Resumo
No Valle Santa Felicità, perto de Romano d’Ezzelino, a Ca’ da Roman posiciona-se como um laboratório de viticultura voltada para o futuro. A propriedade trabalha exclusivamente com uvas Piwi — acrônimo do alemão “Pilzwiderstandsfähig”, que significa “resistente a fungos”. Essas variedades reduzem drasticamente o uso de defensivos químicos. Com 18 hectares, dos quais quase sete estão plantados, e uma clara referência arquitetônica à centuriação romana, a empresa associa simbolismo e estratégia. Segundo dados do setor, a área de Piwi na Itália cresce de forma constante, com o Vêneto na liderança.

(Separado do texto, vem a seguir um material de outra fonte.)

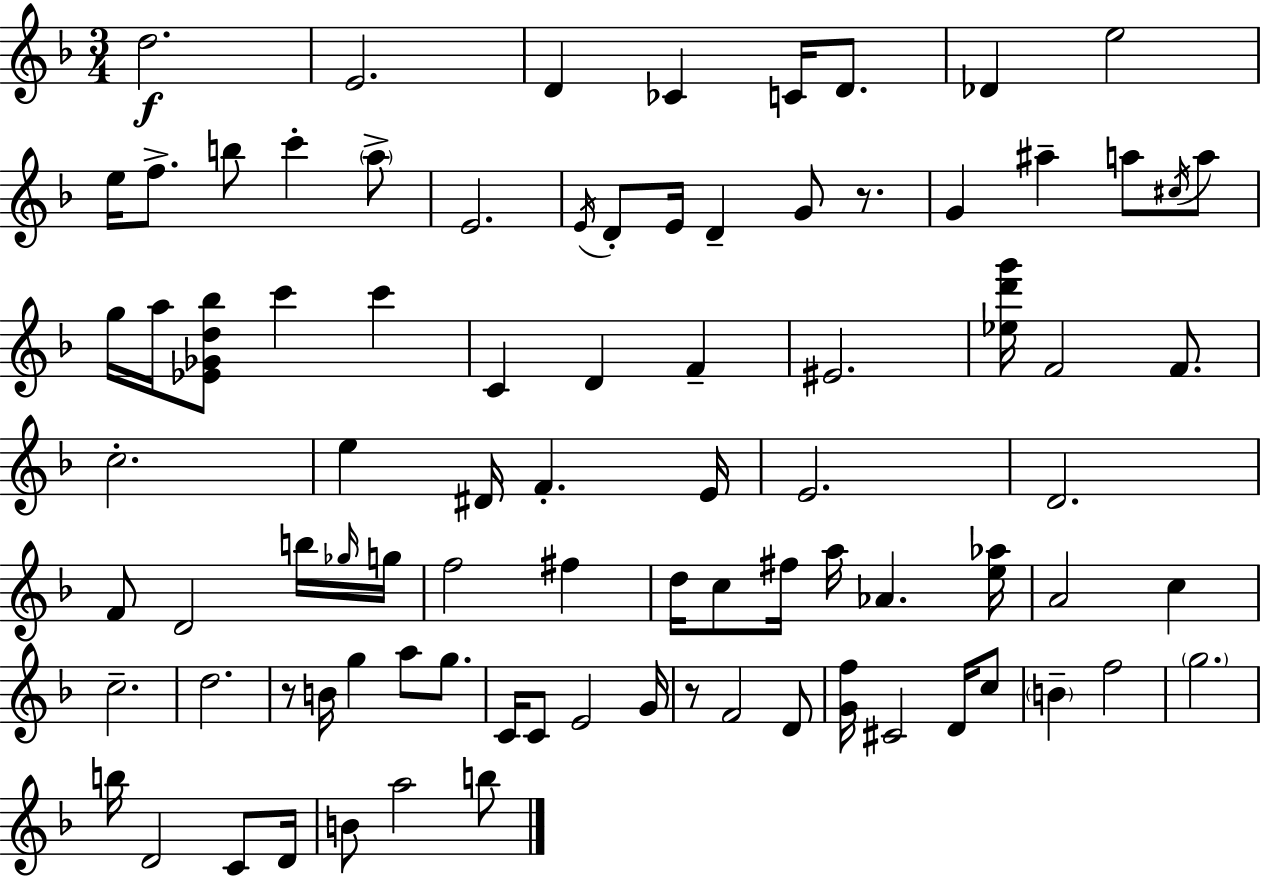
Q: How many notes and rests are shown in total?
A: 87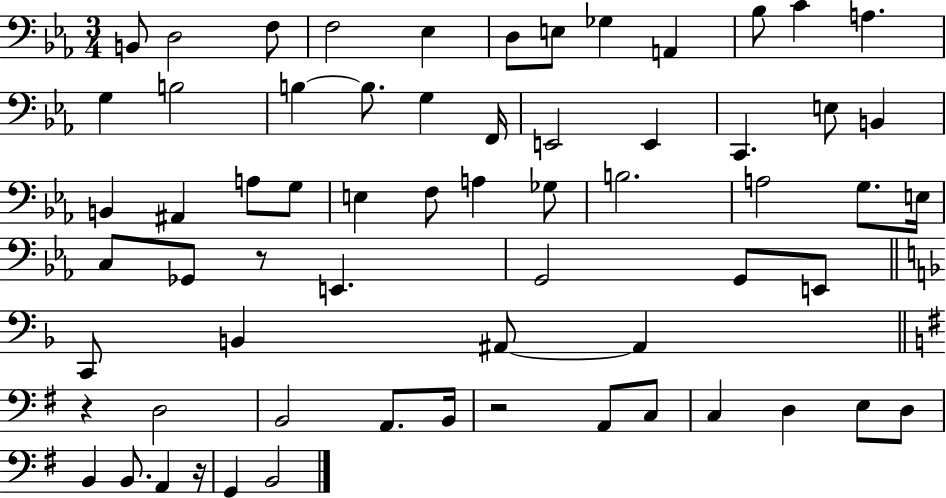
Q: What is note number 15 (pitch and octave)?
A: B3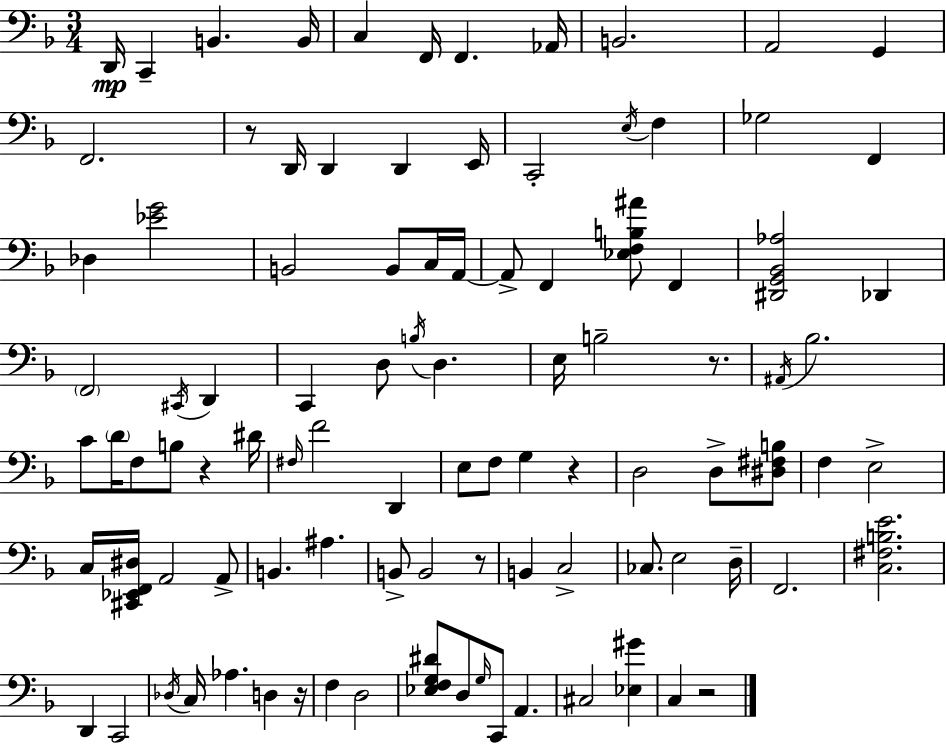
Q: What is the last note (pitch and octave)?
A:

A Ca’ da Roman afirma 40% menos emissões de CO₂ e 70% menos consumo de água. As notas de degustação mostram um amplo espectro: de Metodo Classico a vinho laranja e spumante sem álcool. O fio condutor é pureza, tensão e precisão estrutural. Aqui, Piwi evolui de nicho experimental para alternativa gastronomicamente relevante.
Nosso comentário
O artigo posiciona o Piwi como revolucionário, mas carece parcialmente de nuance. As alegações ambientais são convincentes, porém exigem verificação independente a longo prazo. Interessante é a mudança de “sustentável” como termo de marketing para parâmetros mensuráveis. O maior mérito da Ca’ da Roman reside, contudo, na prova estética: qualidade como legitimação da inovação.
Sobre a autora
Giovanna Romeo é uma jornalista italiana especializada em enologia e reportagens de terroir. Seu estilo combina observação lírica com precisão técnica. A crítica permanece limitada; seus textos às vezes tendem a um enquadramento promocional.
Sobre o editor
Quotidiano.net é uma plataforma italiana de notícias que reúne jornais regionais, incluindo QN Il Resto del Carlino e La Nazione. O meio equilibra cobertura geral e jornalismo de lifestyle. Os artigos sobre vinho situam-se na seção cultural e combinam informação com promoção voltada ao público.